Sunday, 18 October, 2015

What is it like to be born a girl in India?

I read a very well written editorial piece yesterday in the Mint titled 'What is it like to be an Indian Muslim?'  A fairly well written piece, the writer had me do a double take when he concluded with the following:

"..It is a fine thing to be male, middle class and Hindu in India. Even in a deprived part of the world, one is privileged.."

I did not think too hard into that until last evening when I was driving back home. But to explain that, let me rewind a little.

The very fact that I am writing something titled thus, seems inappropriate to the hilt. I consider myself lucky and privileged, to have been brought up in a family that does not differentiate between boys and girls. They actually wanted two girls and we decided to fulfill their wishes. We grew up with equal opportunities, being told we must make a mark in the world and with freedom that millions don't have.
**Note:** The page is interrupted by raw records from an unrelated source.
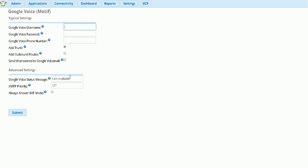Okay, we'll finish the information first. Okay, after I fill all the information, and I did check to add a trunk and add outbound router.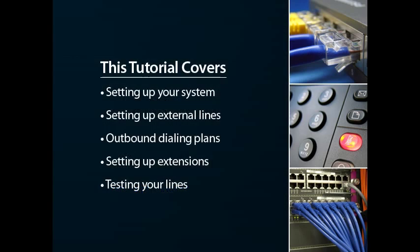This is a five-step tutorial to guide you through setting up extensions, external lines, adding dialing plans, and testing your lines on Axon Virtual PBX from NCH software.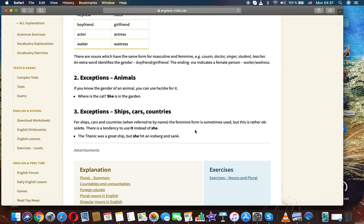cousin, doctor, singer, student, teacher. An extra word identifies the gender: boyfriend, girlfriend. The ending -ess indicates a female person: waiter, waitress.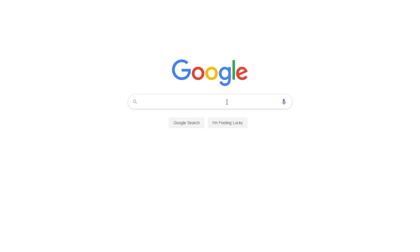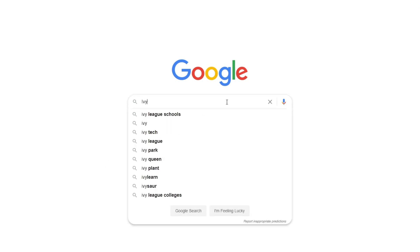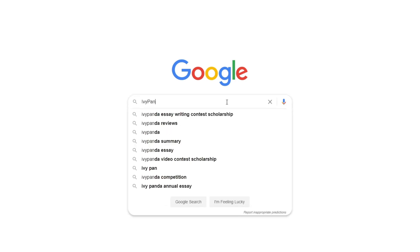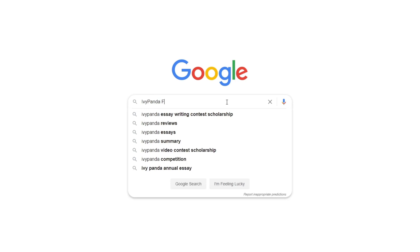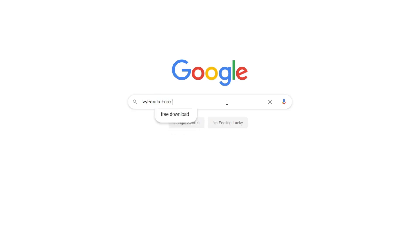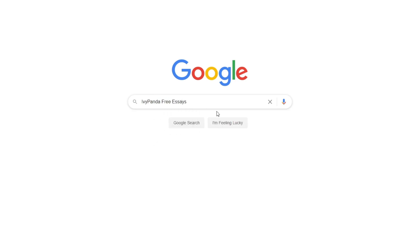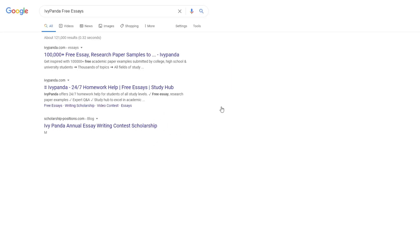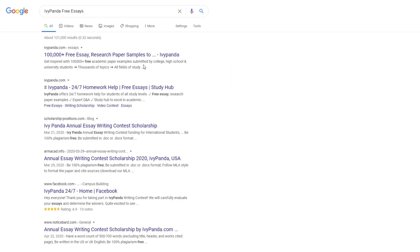This essay example, as well as thousands of others, is available in text format on our website for free and without registration. Simply Google Ivy Panda Free Essays.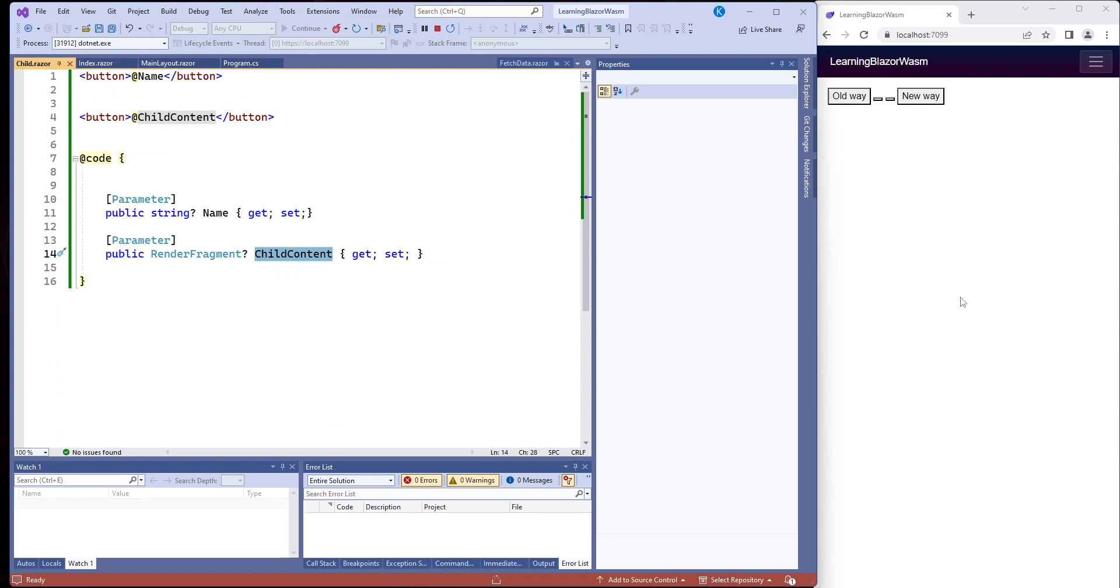So this is the parent component, this is the child component. It rendered and shows the information back there. Now this is extraordinarily primitive. I'm sure we're going to use much more examples of this in the future, but that's the general idea of the render fragment. Thanks.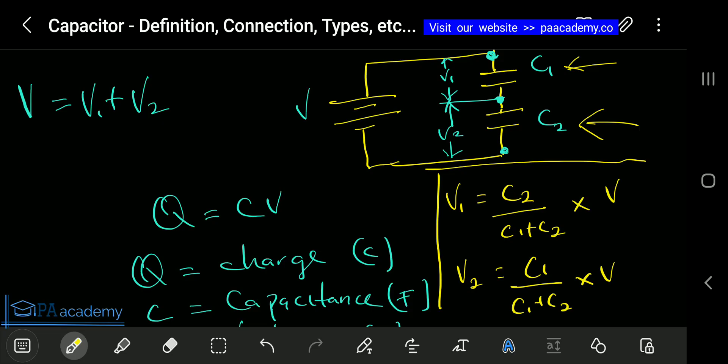That is everything covered in this video on capacitors. Look for examples, apply the formulas, and you should get your answers. Thank you very much — if you found value, please give it a thumbs up, and if you are new to PE Academy, click that subscribe button. See you in another video!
Unfortunately, this differentiation is so deeply entrenched in our belief structure that it shows up when you least expect it. When I was driving home at the extremely respectable time of 9:45pm, I found myself urging the car to go a tad faster, lest I receive an sms asking where I was and when I would get home. I usually make it a point to get home by 10pm if I am driving alone or else try to get a friend or a friend's brother/dad to follow me home.

Take a minute to think about that. I am 33 years old, yet I or my family does not have the confidence that I can spend a languid night out and come back when I want to.

I do not remember any guy I know being asked a similar question, with the same intention. If a guy is asked what time he will get home, it is either from a logistical point of view (does he have the keys to enter?) or that you'd prefer him to come earlier to spend time with you. But it's never he 'should' be home by 11.

'Should'. The connotation that I tried to understand one day.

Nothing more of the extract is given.